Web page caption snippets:
BEGIN

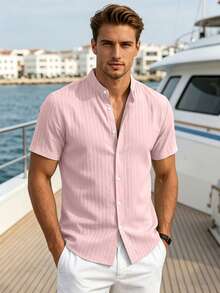 VENTUSAIL Men's Solid Colour Casual Short-Sleeve Shirt, Summer Vacation, Vintage Style For Men - Pink - View 7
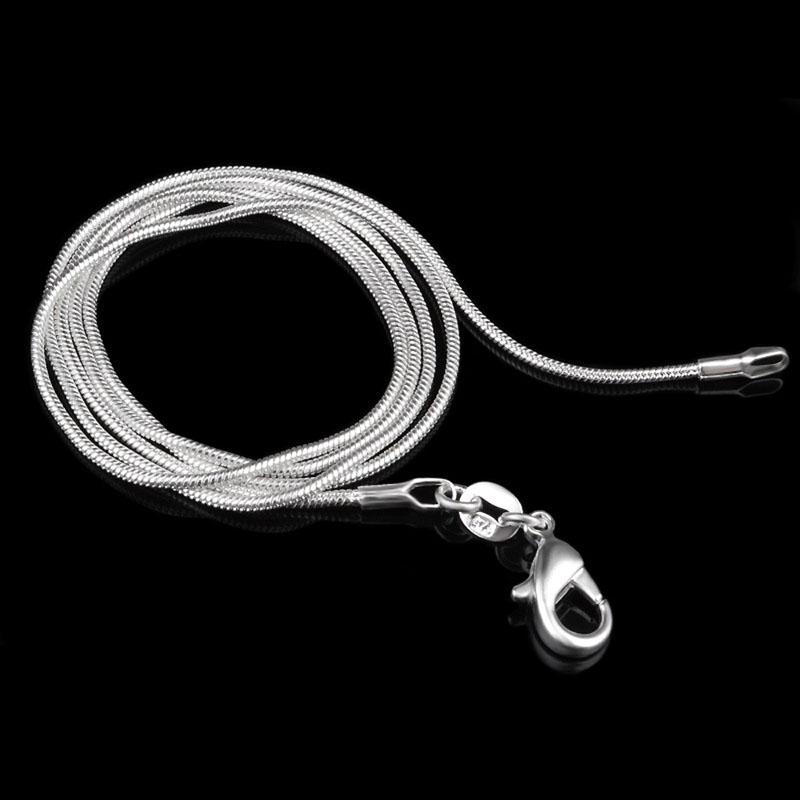 1MM Silver-Plate Snake Chain Necklace Chokers for Women Statement Jewelry Silver Color Elegant Fashion Accessories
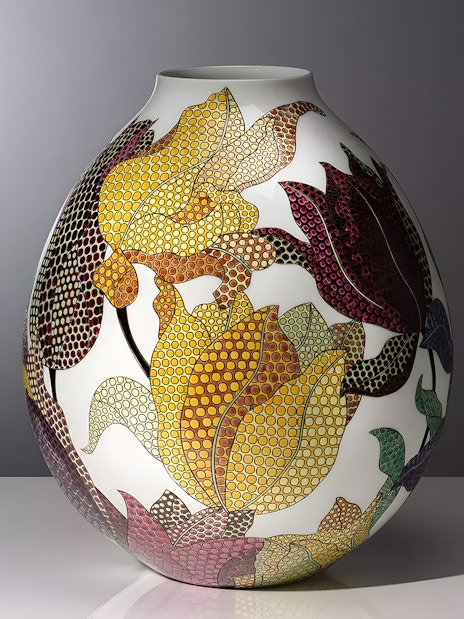 Porcelain pot with colorful floral patterns at Expressions in Blue exhibition, Kew Gardens.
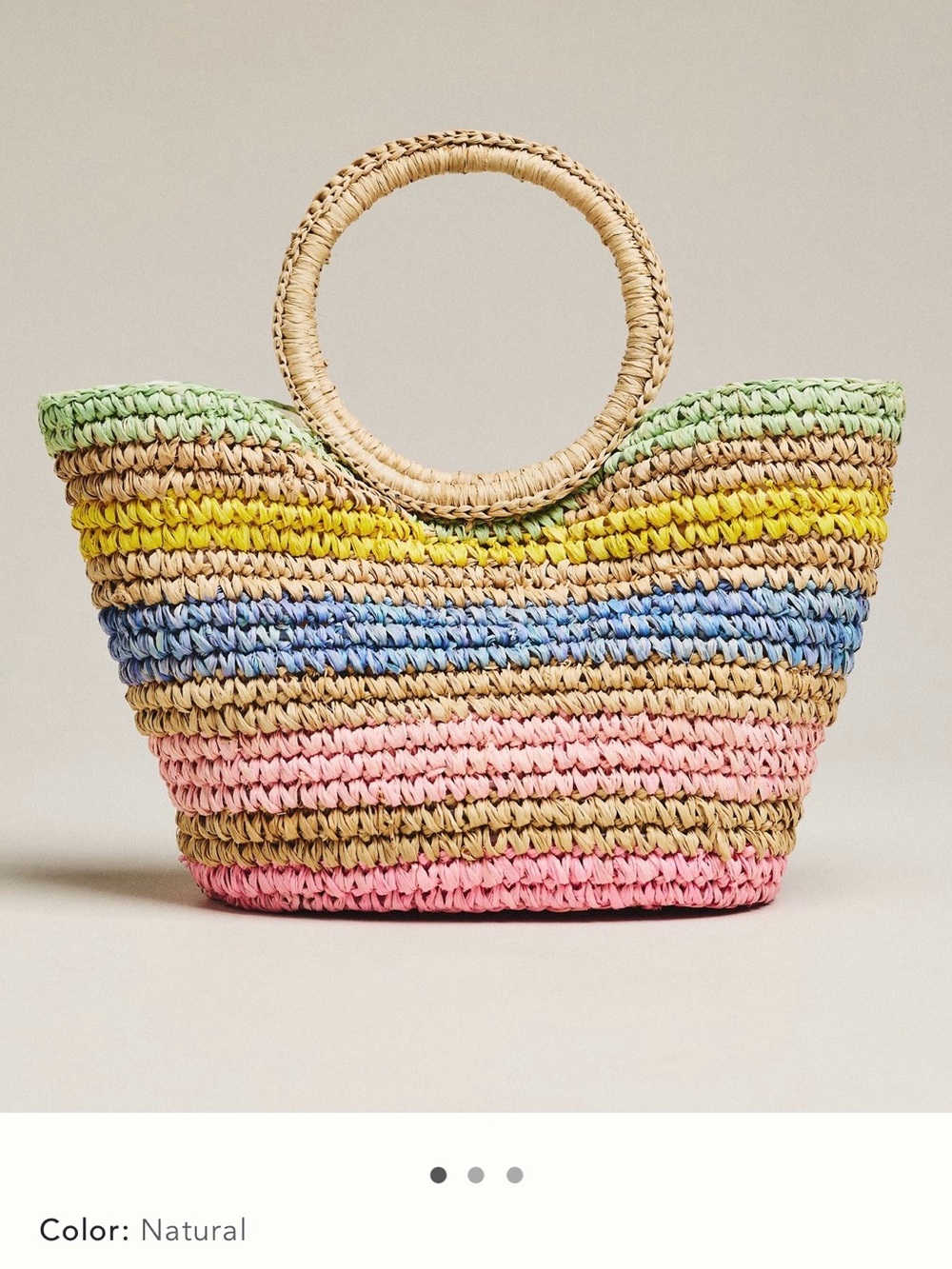 New Anthropologie sunshine tienda Capri woven straw top handle bag pastel stripe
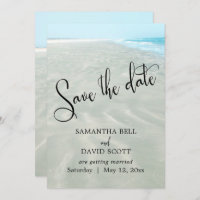Rippled Sand Aqua Water Modern Beach Save the Date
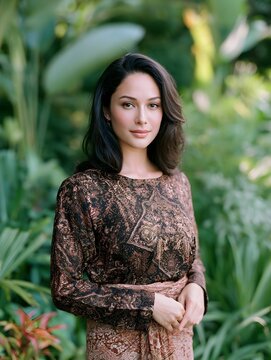 A woman in traditional Baju Kurung stands gracefully in a tropical garden  showcasing vibrant cultural attire and serene expression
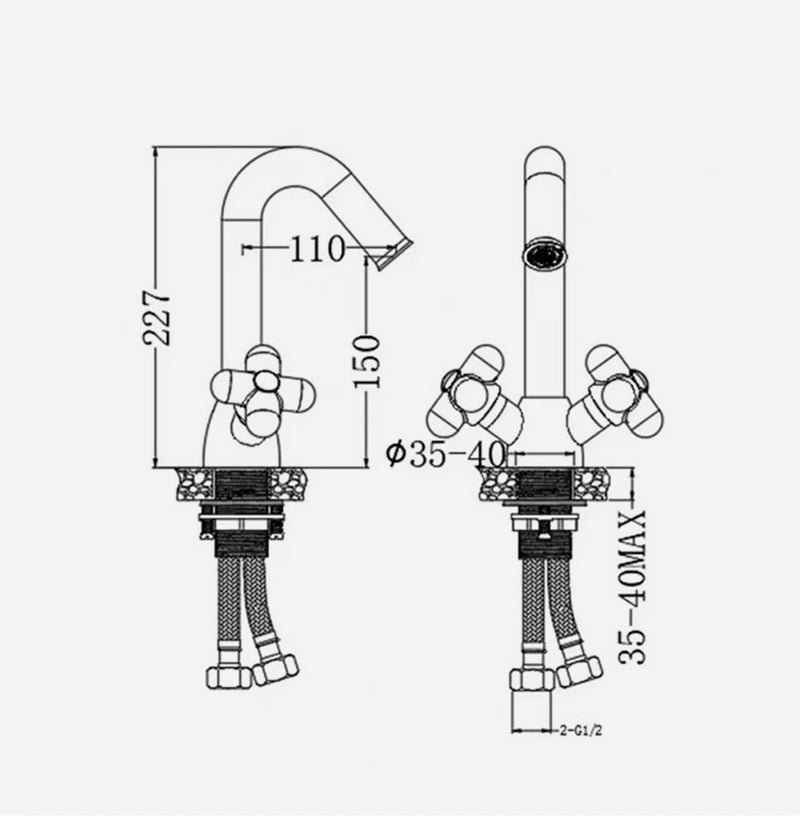 AUREVO Dubbele Handgreep Badkamerkraan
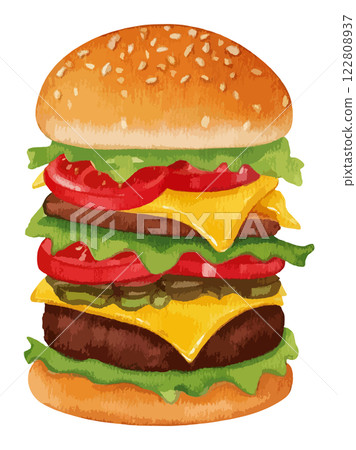 Hamburger watercolor illustration AI generation 122808937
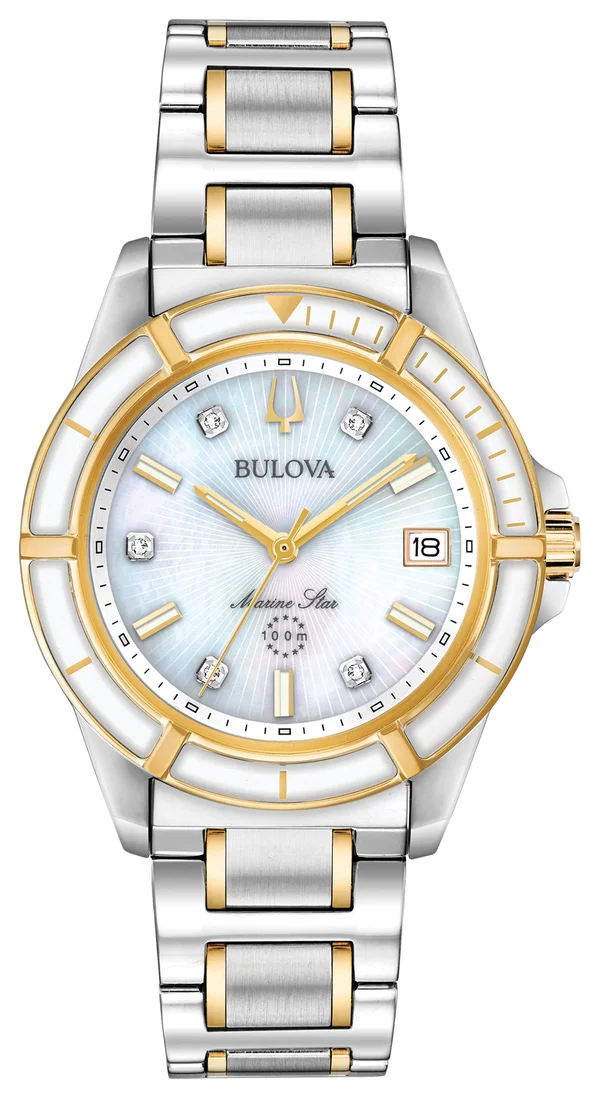 Bulova Women's Diamond Marine Star Watch - Two Tone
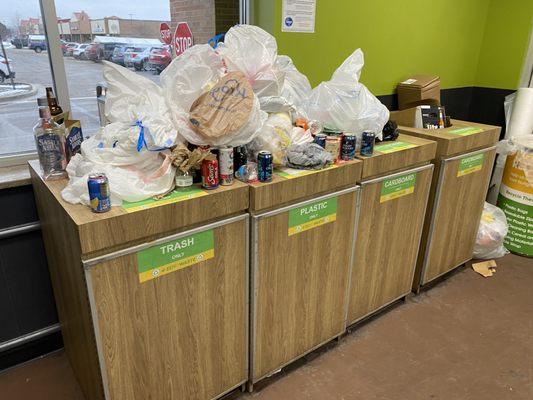 This is their recycling center on a weekday at 5 pm. What is wrong with this company?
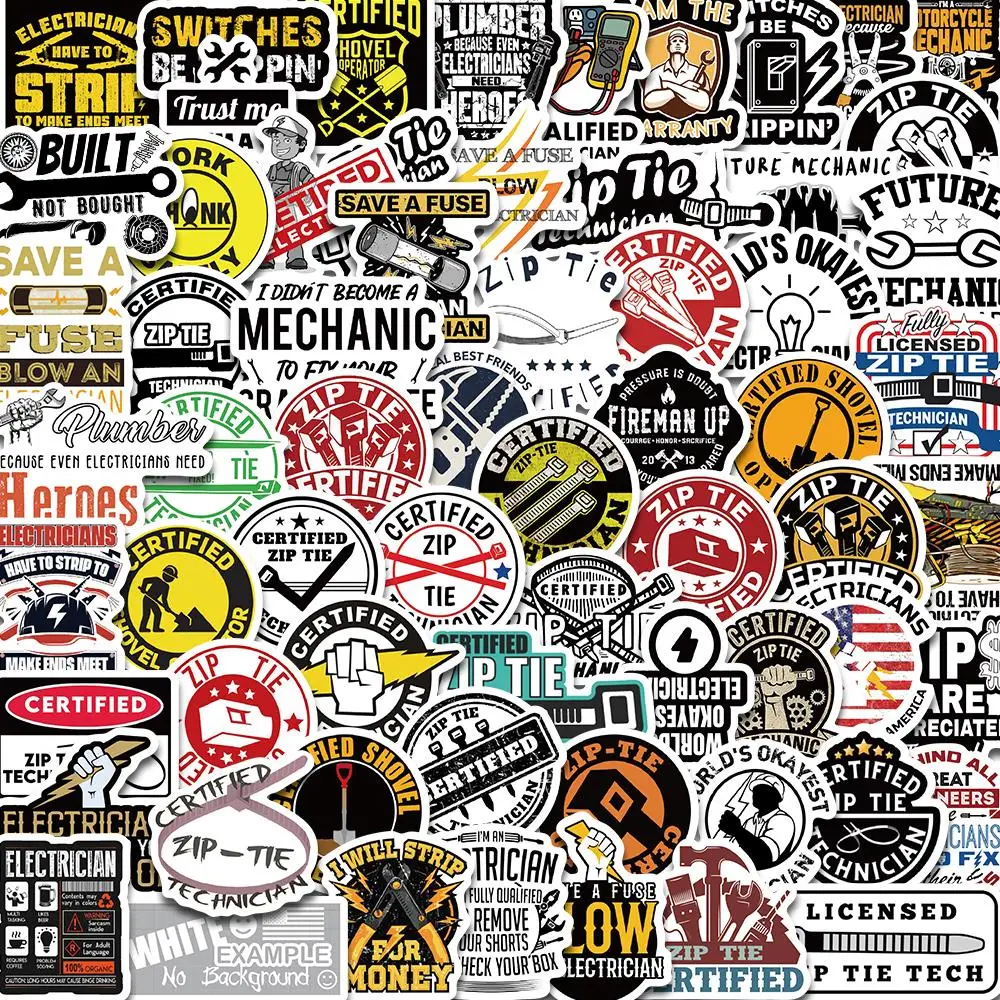 Mechanic Sticker, 65pcs/set Funny Certification Sticker, Mechanic Technician Interesting Decorative Sticker for Phone Notebook Laptop Luggage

END

** What you are asked to do **
Please repeat each record exactly and keep every picture out of the copy.

** Answer for the task **
 VENTUSAIL Men's Solid Colour Casual Short-Sleeve Shirt, Summer Vacation, Vintage Style For Men - Pink - View 7
 1MM Silver-Plate Snake Chain Necklace Chokers for Women Statement Jewelry Silver Color Elegant Fashion Accessories
 Porcelain pot with colorful floral patterns at Expressions in Blue exhibition, Kew Gardens.
 New Anthropologie sunshine tienda Capri woven straw top handle bag pastel stripe
Rippled Sand Aqua Water Modern Beach Save the Date
 A woman in traditional Baju Kurung stands gracefully in a tropical garden  showcasing vibrant cultural attire and serene expression
 AUREVO Dubbele Handgreep Badkamerkraan
 Hamburger watercolor illustration AI generation 122808937
 Bulova Women's Diamond Marine Star Watch - Two Tone
 This is their recycling center on a weekday at 5 pm. What is wrong with this company?
 Mechanic Sticker, 65pcs/set Funny Certification Sticker, Mechanic Technician Interesting Decorative Sticker for Phone Notebook Laptop Luggage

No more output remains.